The data below holds the lines to copy: everything from the line containing "Mua Màn hình" to the line containing "银屑病关节炎跟风湿有关系吗 银屑病关节炎与风湿性关节炎", both ends included, set down exactly.
● ● ●
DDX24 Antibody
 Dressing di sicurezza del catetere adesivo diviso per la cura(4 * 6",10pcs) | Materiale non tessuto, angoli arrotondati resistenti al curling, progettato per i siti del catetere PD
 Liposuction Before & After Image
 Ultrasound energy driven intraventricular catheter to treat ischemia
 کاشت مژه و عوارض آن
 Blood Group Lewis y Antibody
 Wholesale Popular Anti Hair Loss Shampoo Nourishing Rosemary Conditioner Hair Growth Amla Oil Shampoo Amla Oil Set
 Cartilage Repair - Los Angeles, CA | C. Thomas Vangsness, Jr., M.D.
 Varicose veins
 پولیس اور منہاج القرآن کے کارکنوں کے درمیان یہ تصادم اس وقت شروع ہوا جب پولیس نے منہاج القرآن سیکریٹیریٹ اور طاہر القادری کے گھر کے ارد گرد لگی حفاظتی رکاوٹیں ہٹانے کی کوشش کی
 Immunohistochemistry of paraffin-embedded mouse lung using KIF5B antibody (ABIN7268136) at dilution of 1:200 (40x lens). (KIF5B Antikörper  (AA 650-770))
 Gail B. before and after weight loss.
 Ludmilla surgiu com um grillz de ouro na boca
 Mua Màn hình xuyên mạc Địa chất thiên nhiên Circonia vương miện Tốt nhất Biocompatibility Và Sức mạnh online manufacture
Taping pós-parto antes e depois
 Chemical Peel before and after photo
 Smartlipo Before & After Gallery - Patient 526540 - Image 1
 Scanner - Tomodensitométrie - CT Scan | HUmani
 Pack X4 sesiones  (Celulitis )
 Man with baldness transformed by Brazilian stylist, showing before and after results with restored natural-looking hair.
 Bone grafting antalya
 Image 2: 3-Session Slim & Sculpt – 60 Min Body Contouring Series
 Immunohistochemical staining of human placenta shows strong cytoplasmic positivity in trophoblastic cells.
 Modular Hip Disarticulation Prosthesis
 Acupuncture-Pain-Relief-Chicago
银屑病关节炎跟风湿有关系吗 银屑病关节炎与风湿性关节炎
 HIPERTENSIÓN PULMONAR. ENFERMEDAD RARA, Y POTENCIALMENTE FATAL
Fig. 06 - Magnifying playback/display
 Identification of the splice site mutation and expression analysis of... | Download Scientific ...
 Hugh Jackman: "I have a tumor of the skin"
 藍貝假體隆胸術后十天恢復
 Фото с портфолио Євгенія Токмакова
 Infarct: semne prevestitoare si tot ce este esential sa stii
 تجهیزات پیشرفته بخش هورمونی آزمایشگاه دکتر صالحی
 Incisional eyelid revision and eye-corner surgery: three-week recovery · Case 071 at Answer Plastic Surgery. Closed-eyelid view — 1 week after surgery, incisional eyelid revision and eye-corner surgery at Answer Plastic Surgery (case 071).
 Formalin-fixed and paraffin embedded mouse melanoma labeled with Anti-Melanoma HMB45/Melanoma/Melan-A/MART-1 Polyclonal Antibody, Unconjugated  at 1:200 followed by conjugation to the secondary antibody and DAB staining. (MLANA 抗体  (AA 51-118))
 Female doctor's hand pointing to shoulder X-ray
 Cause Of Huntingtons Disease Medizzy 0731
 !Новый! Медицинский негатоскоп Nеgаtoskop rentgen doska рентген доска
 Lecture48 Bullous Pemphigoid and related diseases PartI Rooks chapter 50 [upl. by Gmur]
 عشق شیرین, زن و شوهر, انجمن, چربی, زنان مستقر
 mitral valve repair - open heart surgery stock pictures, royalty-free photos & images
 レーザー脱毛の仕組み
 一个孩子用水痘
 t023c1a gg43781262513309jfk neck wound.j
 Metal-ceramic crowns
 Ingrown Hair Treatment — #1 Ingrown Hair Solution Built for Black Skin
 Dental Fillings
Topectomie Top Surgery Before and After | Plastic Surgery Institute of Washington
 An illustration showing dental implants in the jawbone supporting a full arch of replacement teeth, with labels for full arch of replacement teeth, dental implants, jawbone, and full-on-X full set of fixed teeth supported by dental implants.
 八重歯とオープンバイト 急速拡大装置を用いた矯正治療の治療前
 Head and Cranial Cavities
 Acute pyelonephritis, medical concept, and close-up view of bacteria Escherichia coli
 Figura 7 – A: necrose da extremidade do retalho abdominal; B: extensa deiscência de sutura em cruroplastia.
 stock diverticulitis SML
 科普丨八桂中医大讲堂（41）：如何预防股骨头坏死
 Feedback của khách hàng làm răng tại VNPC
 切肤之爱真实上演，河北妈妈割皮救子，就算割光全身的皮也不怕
● ● ●
§ Exercise answer
 Mua Màn hình xuyên mạc Địa chất thiên nhiên Circonia vương miện Tốt nhất Biocompatibility Và Sức mạnh online manufacture
Taping pós-parto antes e depois
 Chemical Peel before and after photo
 Smartlipo Before & After Gallery - Patient 526540 - Image 1
 Scanner - Tomodensitométrie - CT Scan | HUmani
 Pack X4 sesiones  (Celulitis )
 Man with baldness transformed by Brazilian stylist, showing before and after results with restored natural-looking hair.
 Bone grafting antalya
 Image 2: 3-Session Slim & Sculpt – 60 Min Body Contouring Series
 Immunohistochemical staining of human placenta shows strong cytoplasmic positivity in trophoblastic cells.
 Modular Hip Disarticulation Prosthesis
 Acupuncture-Pain-Relief-Chicago
银屑病关节炎跟风湿有关系吗 银屑病关节炎与风湿性关节炎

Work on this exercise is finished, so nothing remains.